The United States Supreme Court has cleared the path for Texas to enforce its app age verification law, according to Al Jazeera’s report. The law requires app stores and online platforms to verify users’ ages before granting access, with the aim of preventing minors from accessing harmful content or exploitative services. The Court’s decision — allowing the law to take effect while legal challenges proceed — represents a significant moment in the decade-long debate over whether and how government can regulate children’s access to digital platforms. Texas joins a growing number of US states and international jurisdictions that have concluded the tech industry’s voluntary self-regulation has been inadequate to protect minors.

The received wisdom

The civil liberties and tech-industry framing will emphasise First Amendment concerns. Age verification requirements, on this argument, create barriers to anonymous speech, force users to surrender private data to third-party verification services, and set a precedent for government surveillance of internet access. The ACLU and affiliated organisations have argued consistently that online age restrictions are technically unworkable, privacy-invasive, and inevitably overbroad — that in trying to protect children they will sweep up adults and chill constitutionally protected expression.

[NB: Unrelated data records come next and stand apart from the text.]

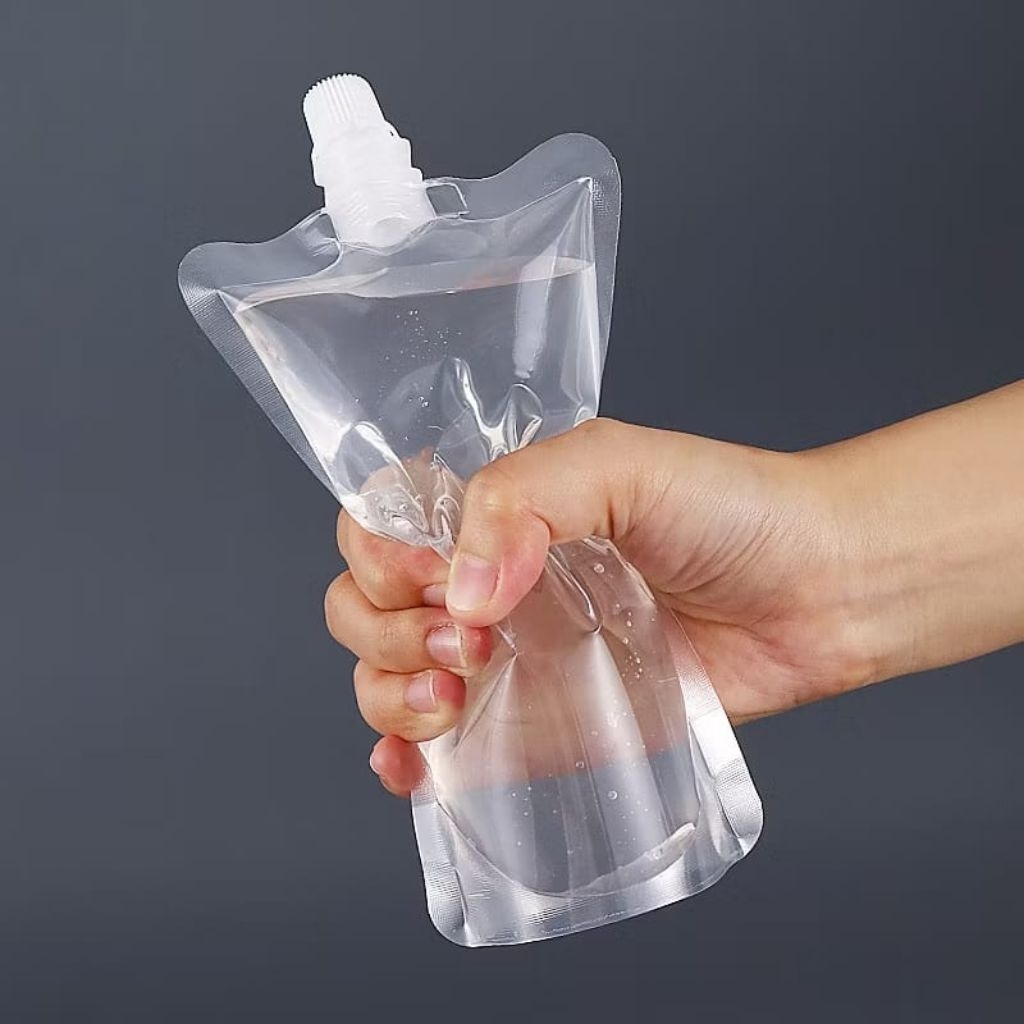 BOTOL LIPAT PORTABEL 500 ML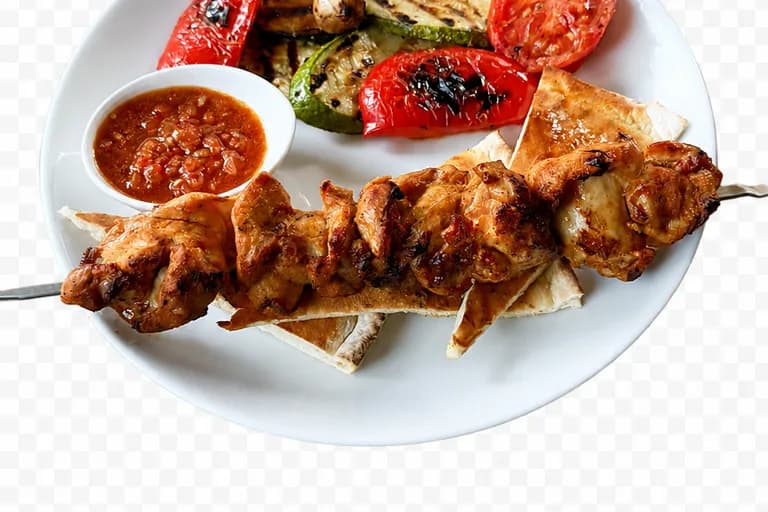 Chicken Skewers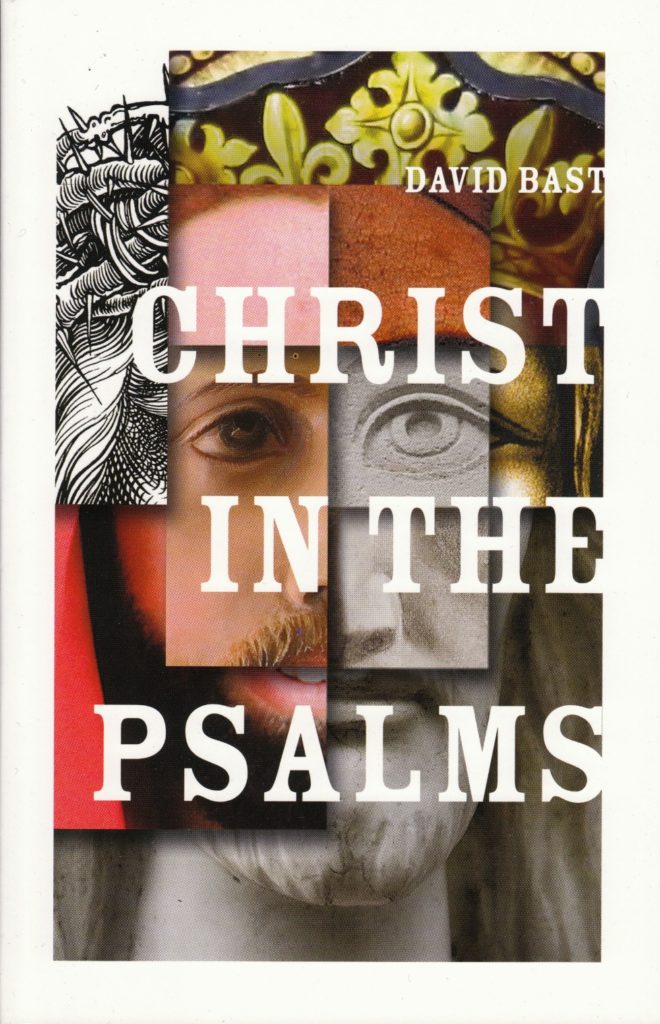 Christ in the Psalms book cover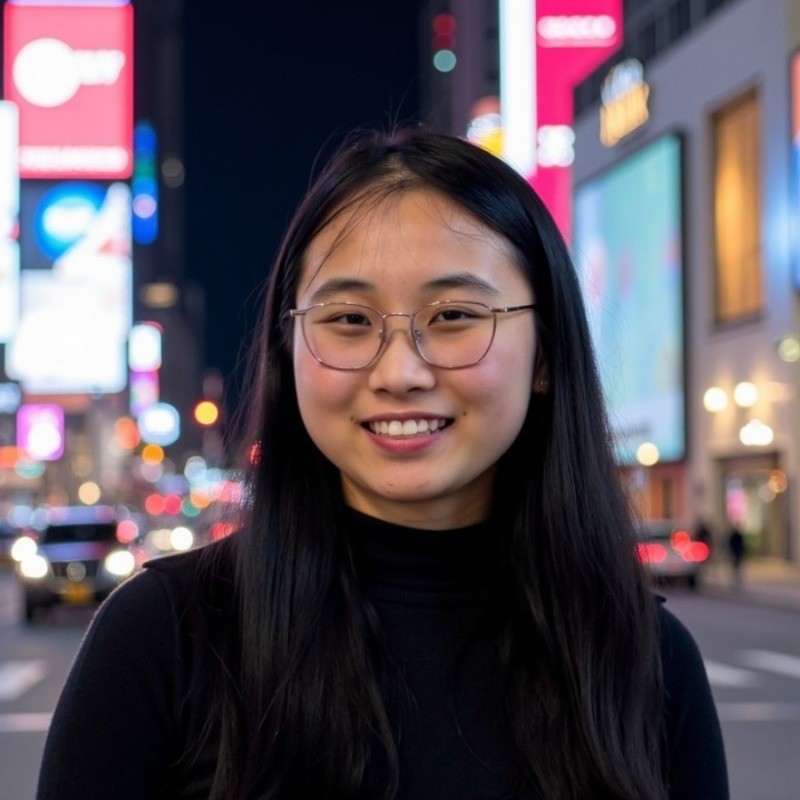 Lucy Wang - Founder | Stackforce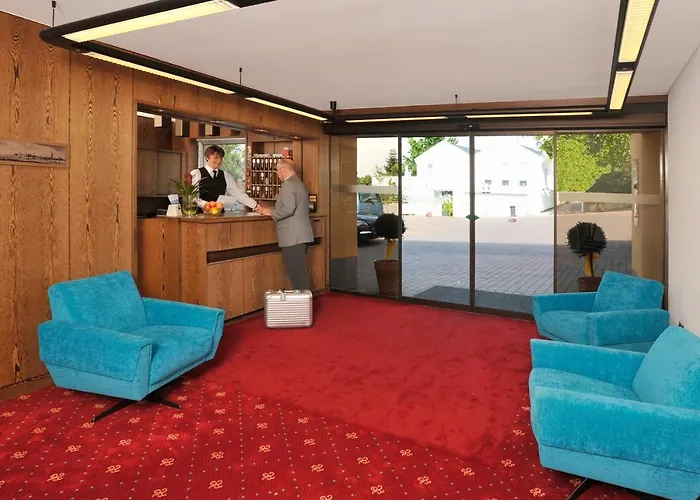 Hotel Malchen Garni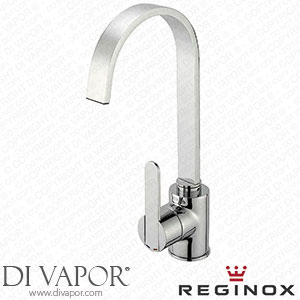 Reginox Amur Single Lever Kitchen Mixer Tap - Chrome - AMURCH Spare Parts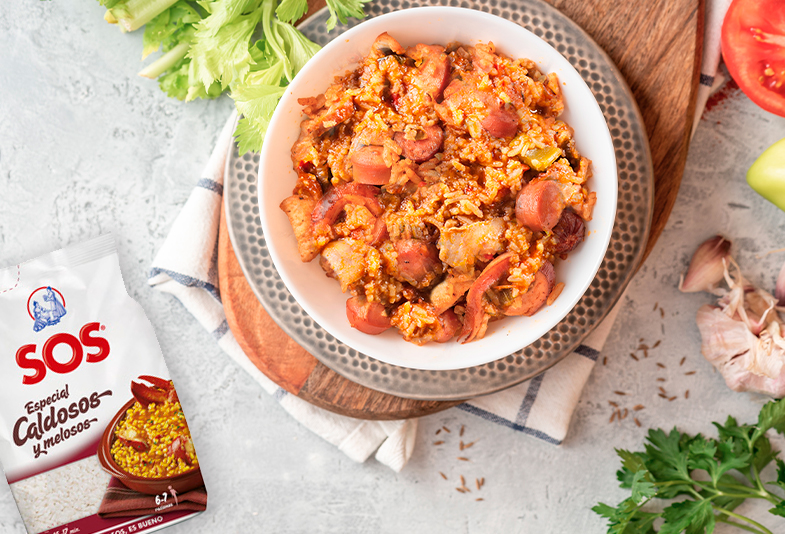 Arroz a la zamorana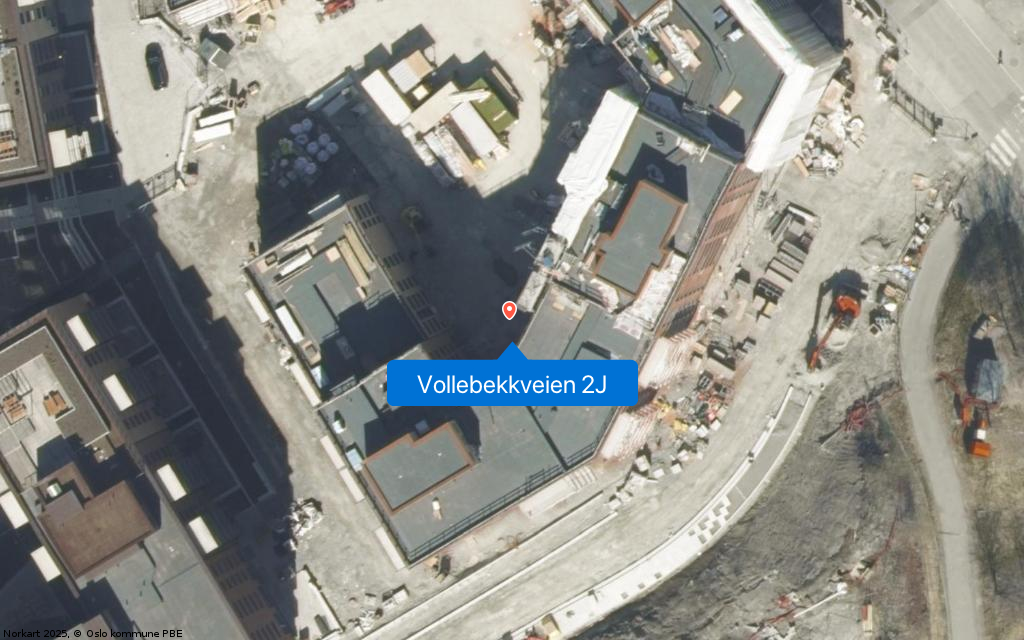 Vollebekkveien 2J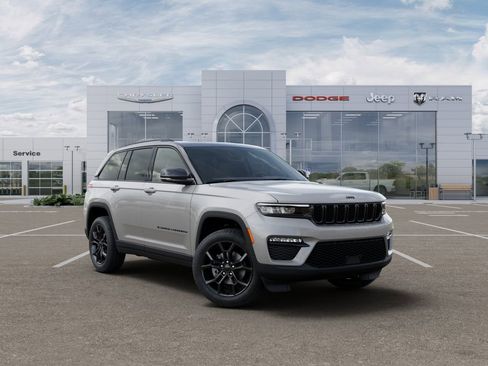 New 2025 Jeep Grand Cherokee Limited image 5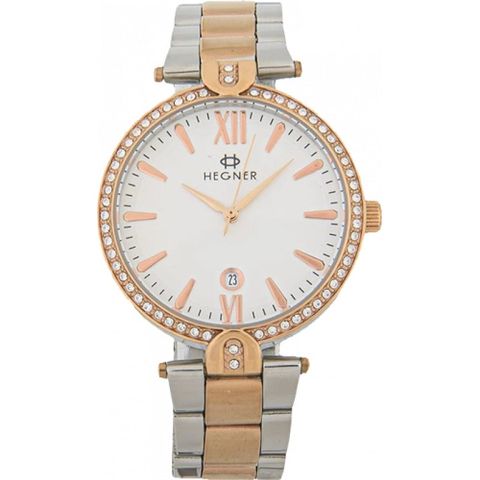 Đồng hồ Hegner HW-5043LTWH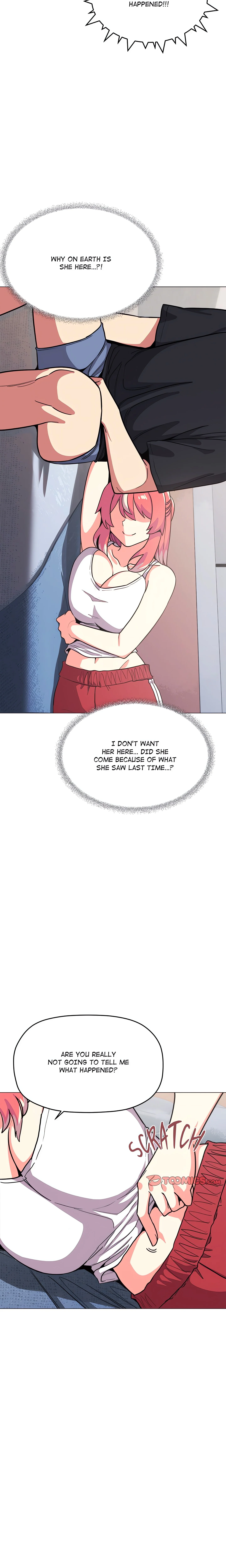 Someone Stop Her! (Uncensored) chapter 20 page 4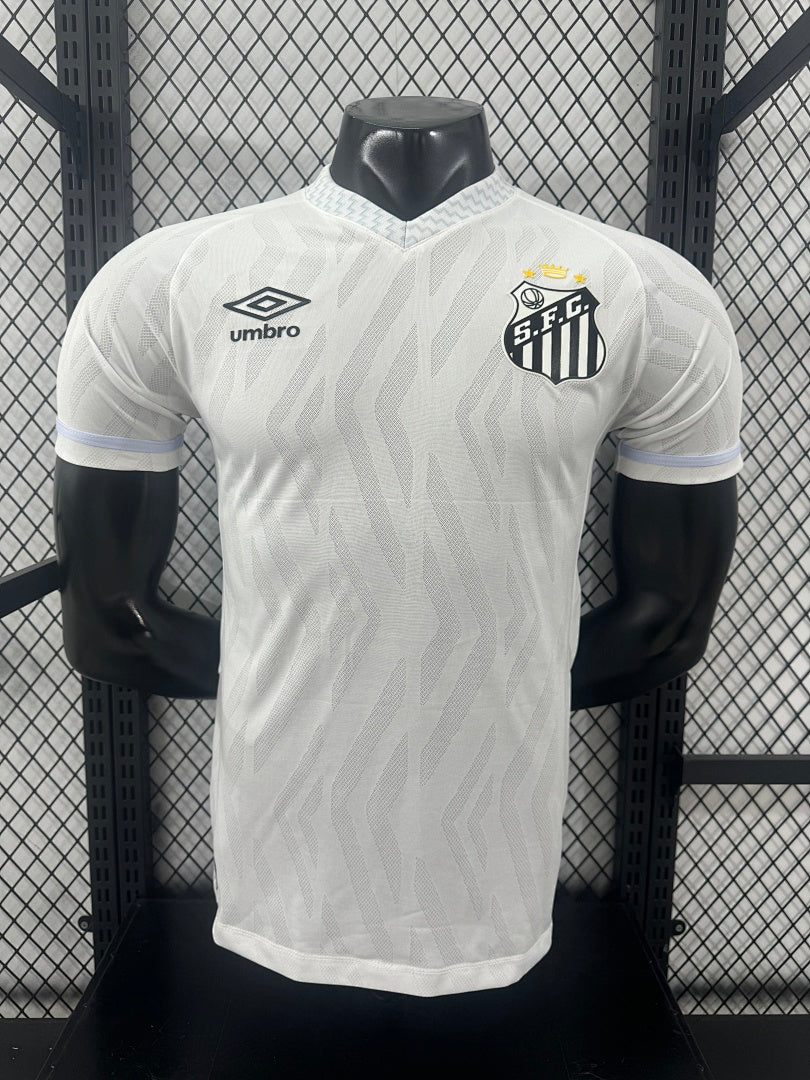 Santos 25/26 Home Football Shirt
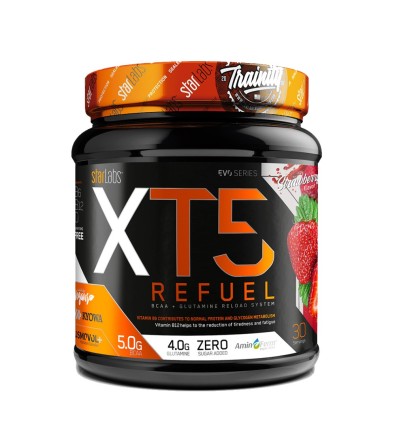 XT5 Refuel 1080gr (2,4lb) - StarLabs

Platform companies have supported this argument partly from principle and substantially from commercial self-interest: their business models depend on large, frictionless user bases, and anything that adds friction at the point of access reduces engagement and advertising inventory. They have invested significantly in litigation challenging state-level age verification laws, achieving notable wins in courts that applied strict First Amendment scrutiny.

The progressive tech commentary will also note the irony of a Texas conservative legislature championing this regulation — arguing that the same people who rail against government overreach are cheerfully deploying it when the target is Silicon Valley.

A different read

The First Amendment framing, while doctrinally serious, has been weaponised so thoroughly in defence of platform profit models that its invocation now deserves scepticism rather than automatic deference.

The concrete empirical problem is this: platforms designed with engagement-maximising algorithms have been documented to push increasingly extreme content to adolescent users, to expose young girls to eating disorder communities, to facilitate predatory contact between adults and minors, and to contribute to documented deterioration in adolescent mental health outcomes. These are not hypothetical harms. Researchers, former platform employees, and the platforms’ own internal documents have confirmed the dynamics. The question before courts and legislatures is whether society is permitted to respond with enforceable rules, or whether the First Amendment converts digital platforms into a constitutional free-fire zone regardless of demonstrable harm to children.

The Texas law addresses a narrower and more defensible point than content regulation: it regulates access, not expression. A requirement that platforms verify users are adults before providing certain services is analogous to age checks at a cinema, an alcohol retailer, or an adult entertainment venue. None of those restrictions have been held unconstitutional despite involving content that adults are freely entitled to access. The principle that society can draw lines around what minors access has deep roots in American law and tradition.

The privacy concern about verification data is legitimate but solvable. Several verification architectures — including zero-knowledge proof systems — allow age to be confirmed without transmitting identifiable personal data to the platform. If the tech industry were genuinely concerned about user privacy rather than simply about friction, it would be developing and championing these systems. Its resistance to Texas-style laws suggests the privacy argument is largely pretextual.

From a conservative standpoint, there is something clarifying about this moment. For years, the right’s inclination toward free-market principles made it reluctant to regulate tech platforms, ceding that ground to a progressive framing that was itself ambivalent about regulating speech. The children’s safety angle has enabled a different coalition: parents, conservative legislators, and a growing number of liberals who have watched their children struggle through adolescence mediated by algorithmic content. The Supreme Court’s decision to let Texas proceed reflects a shifting institutional consensus that the harms are real enough to warrant experimentation.

What to watch

Watch the full merits case as it works through the lower courts — the ultimate constitutional question about whether age verification survives First Amendment scrutiny will be decisive for the entire landscape of children’s online safety law, not just in Texas but nationally. Watch also for the European comparison: the EU’s Digital Services Act has imposed similar obligations on platforms, and its enforcement record over the next 18 months will provide evidence about what workable implementation looks like. Finally, watch whether Congress moves on federal legislation, which would supersede the current patchwork of state laws and clarify the constitutional framework.